# Fun inexpensive waches



## madecov (Jan 19, 2005)

I'll start by saying that in the past I have owned expensive Swiss watches by Breitling, Rolex, Omega, Patek, Vacheron and others. I now don't own any of them.

Currently my most expensive watch is a Gervil steel and gold chronograph.

I have developed an affinity for the styling of Invicta watches. I have 2 of the all Swiss made automatics with gold bezels and recently picked up one of the myota powered divers as a beater watch. Mine keeps great time.

Today I picked up another of the Myota powered watches the new ocean Ghost 2 in all stainless with a silver dial. This is really a nice watch, the case is 47mm so it aint small. it is rated as 200 meter water resistant. the hands and markers are blued and give a really nice striking and best of all legible look. for an inexpensive watch it really seems well built. 

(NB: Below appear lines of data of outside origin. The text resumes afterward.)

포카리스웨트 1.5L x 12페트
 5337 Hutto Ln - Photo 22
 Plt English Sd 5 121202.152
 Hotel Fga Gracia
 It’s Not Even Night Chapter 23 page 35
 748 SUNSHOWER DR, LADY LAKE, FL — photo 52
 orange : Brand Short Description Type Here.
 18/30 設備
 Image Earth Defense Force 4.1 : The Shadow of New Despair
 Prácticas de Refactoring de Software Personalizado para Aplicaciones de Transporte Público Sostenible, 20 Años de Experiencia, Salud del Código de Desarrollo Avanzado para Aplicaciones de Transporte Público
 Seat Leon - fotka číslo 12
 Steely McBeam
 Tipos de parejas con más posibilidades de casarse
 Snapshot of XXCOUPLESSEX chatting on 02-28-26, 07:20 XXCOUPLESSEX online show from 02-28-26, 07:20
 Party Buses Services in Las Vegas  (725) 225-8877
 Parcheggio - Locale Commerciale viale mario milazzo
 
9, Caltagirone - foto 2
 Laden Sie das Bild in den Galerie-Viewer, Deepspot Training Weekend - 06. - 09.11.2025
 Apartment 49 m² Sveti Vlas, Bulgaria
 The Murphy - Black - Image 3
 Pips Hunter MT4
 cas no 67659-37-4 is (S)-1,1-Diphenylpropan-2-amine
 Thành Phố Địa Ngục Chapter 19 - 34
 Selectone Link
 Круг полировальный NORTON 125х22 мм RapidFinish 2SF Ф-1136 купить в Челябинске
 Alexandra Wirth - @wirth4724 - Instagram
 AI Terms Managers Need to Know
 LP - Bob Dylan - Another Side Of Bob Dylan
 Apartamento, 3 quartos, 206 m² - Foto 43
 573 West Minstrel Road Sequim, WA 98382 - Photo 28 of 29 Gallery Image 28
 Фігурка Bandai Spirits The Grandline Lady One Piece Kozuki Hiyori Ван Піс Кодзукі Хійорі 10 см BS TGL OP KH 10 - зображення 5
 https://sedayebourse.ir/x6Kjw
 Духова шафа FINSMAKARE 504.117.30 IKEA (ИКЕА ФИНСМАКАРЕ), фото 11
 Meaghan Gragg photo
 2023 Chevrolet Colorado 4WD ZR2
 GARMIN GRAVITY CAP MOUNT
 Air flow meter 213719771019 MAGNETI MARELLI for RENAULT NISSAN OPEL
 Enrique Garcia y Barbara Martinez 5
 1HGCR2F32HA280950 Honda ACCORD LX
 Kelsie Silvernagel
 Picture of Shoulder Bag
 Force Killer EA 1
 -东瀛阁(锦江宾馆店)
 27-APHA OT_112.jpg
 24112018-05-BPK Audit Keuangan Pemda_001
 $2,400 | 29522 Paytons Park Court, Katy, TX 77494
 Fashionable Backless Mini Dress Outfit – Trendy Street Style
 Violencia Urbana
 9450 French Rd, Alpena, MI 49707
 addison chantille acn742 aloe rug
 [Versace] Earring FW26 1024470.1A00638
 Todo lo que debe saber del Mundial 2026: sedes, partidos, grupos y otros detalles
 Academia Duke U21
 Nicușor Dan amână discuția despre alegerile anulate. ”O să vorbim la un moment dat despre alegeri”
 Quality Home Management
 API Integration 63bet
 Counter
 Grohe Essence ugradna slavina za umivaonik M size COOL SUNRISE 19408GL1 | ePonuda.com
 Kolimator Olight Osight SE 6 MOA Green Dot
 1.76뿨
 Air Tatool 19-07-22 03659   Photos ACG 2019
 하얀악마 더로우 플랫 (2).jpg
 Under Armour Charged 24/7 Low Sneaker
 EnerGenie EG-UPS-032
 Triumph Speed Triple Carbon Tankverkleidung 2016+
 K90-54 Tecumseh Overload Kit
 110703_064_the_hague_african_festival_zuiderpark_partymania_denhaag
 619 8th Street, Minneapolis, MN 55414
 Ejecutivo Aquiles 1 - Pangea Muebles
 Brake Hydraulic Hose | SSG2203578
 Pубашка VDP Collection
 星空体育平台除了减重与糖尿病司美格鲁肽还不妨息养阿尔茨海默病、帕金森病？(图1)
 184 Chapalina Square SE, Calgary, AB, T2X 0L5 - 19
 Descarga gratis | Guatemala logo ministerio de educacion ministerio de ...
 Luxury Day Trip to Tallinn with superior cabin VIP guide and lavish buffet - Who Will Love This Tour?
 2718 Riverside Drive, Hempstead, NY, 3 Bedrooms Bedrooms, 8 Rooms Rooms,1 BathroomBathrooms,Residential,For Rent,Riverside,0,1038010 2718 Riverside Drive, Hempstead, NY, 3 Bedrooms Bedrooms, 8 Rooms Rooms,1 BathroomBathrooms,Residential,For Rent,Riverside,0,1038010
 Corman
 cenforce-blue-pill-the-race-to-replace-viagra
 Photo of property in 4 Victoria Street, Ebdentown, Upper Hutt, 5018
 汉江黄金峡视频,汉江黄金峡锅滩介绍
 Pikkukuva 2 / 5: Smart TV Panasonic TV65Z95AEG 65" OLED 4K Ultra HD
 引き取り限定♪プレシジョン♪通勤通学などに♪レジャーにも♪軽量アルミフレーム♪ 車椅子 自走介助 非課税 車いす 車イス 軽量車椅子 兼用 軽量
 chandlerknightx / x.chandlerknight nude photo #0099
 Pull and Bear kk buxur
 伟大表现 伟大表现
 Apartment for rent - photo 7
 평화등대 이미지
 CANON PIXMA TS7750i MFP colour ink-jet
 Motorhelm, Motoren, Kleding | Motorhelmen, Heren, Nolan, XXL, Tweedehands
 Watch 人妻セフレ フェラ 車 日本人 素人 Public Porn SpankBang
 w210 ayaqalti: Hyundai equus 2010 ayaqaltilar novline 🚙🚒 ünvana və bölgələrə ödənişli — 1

The Invicta's really give an expensive look for a decent price. I paid under $100.00

also just for grins and when I want a different look I picked up one of the very large Lupah chrono's. the movement is a Swiss movement (rhonda). Nicely detailed dial with engraving and the chrono sub dials are styled . It sort of has the Franc Mueller look. Paid under $150.00

They are a lot of look for little money


----------



## evanlocc (Jan 20, 2005)

In picture we see......all others are words.

Dont mind, thanks.


----------



## bjn70 (Jan 20, 2005)

I've been doing some reading on inexpensive automatic watches, and I bought a Seiko SKX173 diver. I've got a Seiko sports 5 and an Invicta 8926 in the mail to me now. It's amazing how inexpensive the watches are for what you get. Sandoz is another inexpensive brand but I think most of theirs are quartz. It's fun to just browse the photos posted on pmwf.com.


----------



## madecov (Jan 20, 2005)

No digicam, but here's a link to a photo of the Ocean Ghost I got

http://www.galeriasolar.com/ProdImages/2299L5.jpg

and the Lupah

http://www.galeriasolar.com/ProdImages/2094HL.jpg


----------



## Flying Turtle (Jan 20, 2005)

Is that a power reserve indicator I'm seeing in that Lupah pic?

Geoff


----------



## ACMarina (Jan 20, 2005)

My brother is a watch junkie. He's got one of those locking briefcases that spies carry in movies handcuffed to their wrist, but instead of top secret documents it's full of watches. They're all expensive, though, from Rolex to Breitling and stuff. But he doesn't wear them very often, because he's afraid of losing/damaging/etc them. I've got a beater Pulsar diver, and it's held up really well for the amount of stuff it's been subjected to. I've had it through a couple of battery changes and still feel comfortable enough to dive/swim/shower/sauna/steam with it, and while there are a few "battle scars" on it, I'm still happy. I'd be happier with Tritium, but what can you do? /ubbthreads/images/graemlins/smile.gif


----------



## bjn70 (Jan 20, 2005)

I have read that shower and sauna are not recommended for any watch, due to eventual damage to the seals.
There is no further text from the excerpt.